- EXERCISE OBJECTIVE: Your reply should hold every entry below exactly as written and none of the pictures.

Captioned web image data
════════════════════

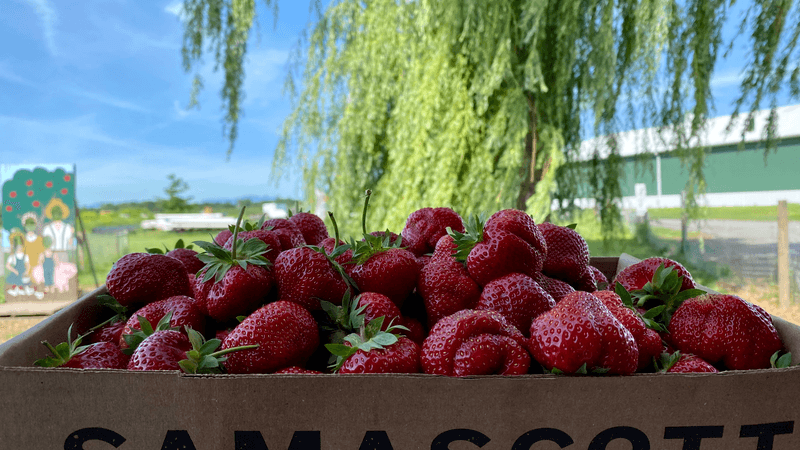 Terhune Orchards style stop - Samascott Orchards, Kinderhook, NY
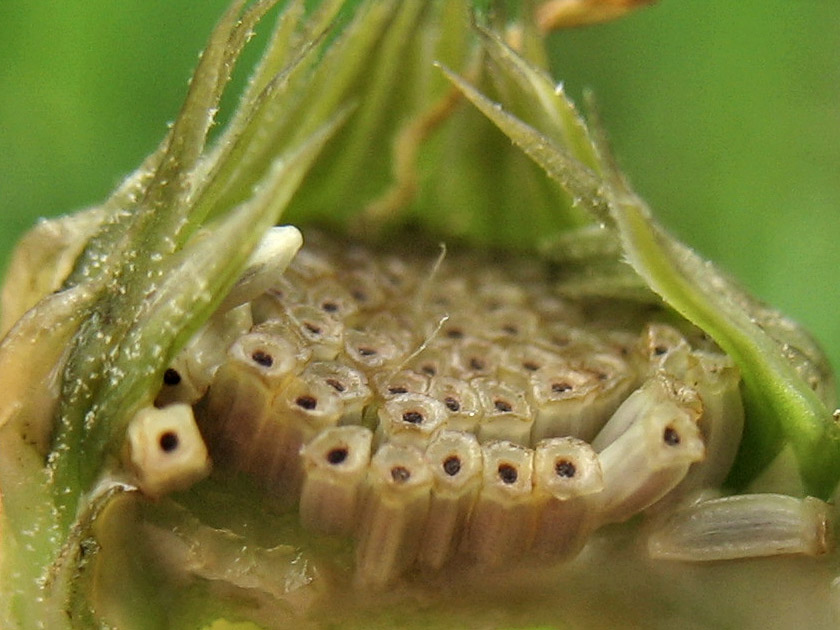 Image of Arnoseris minima specimen.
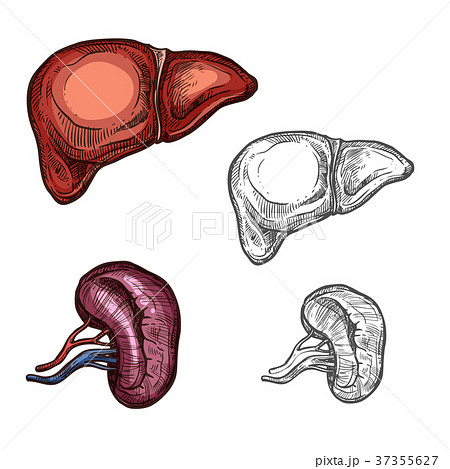 Human organs liver and kidney vector sketch icons 37355627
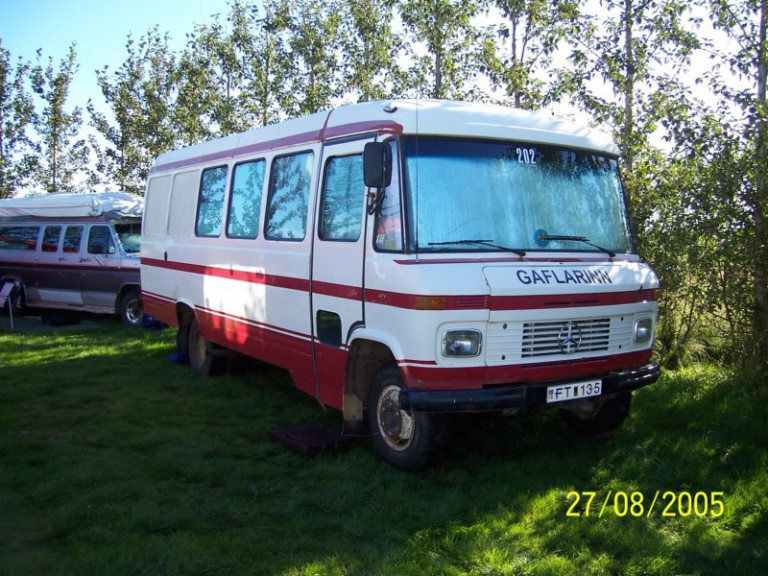Mynd 31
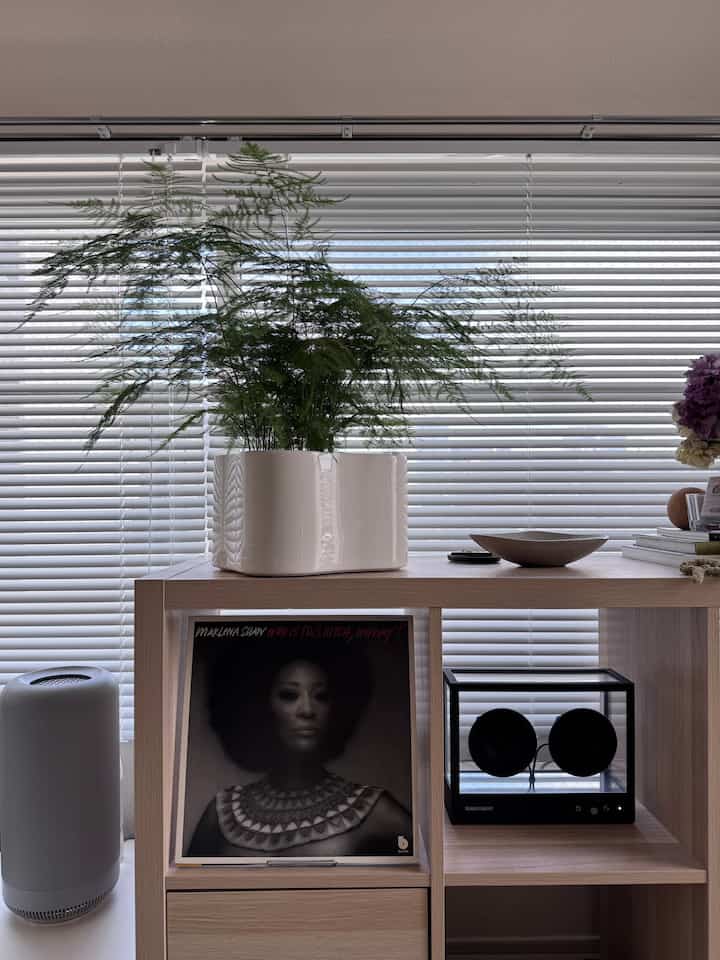 うちのアスパラガスの成長が著しい…🌳🌳🌳

#北欧インテリア 
#ミッドセンチュリー 
#ミッドセンチュリーモダン 
#ジャパンディ
#デザイナーズ
#japan
#ikea
#Vitra 
#Artek 
#アルヴァアアルト
#transparent
#スピーカー
#iittala
#ペット
#脱臭機
#観葉植物
#鉢
#収納
#レコードラック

════════════════════

- SOLVED EXERCISE:
 Terhune Orchards style stop - Samascott Orchards, Kinderhook, NY
 Image of Arnoseris minima specimen.
 Human organs liver and kidney vector sketch icons 37355627
Mynd 31
 うちのアスパラガスの成長が著しい…🌳🌳🌳

#北欧インテリア 
#ミッドセンチュリー 
#ミッドセンチュリーモダン 
#ジャパンディ
#デザイナーズ
#japan
#ikea
#Vitra 
#Artek 
#アルヴァアアルト
#transparent
#スピーカー
#iittala
#ペット
#脱臭機
#観葉植物
#鉢
#収納
#レコードラック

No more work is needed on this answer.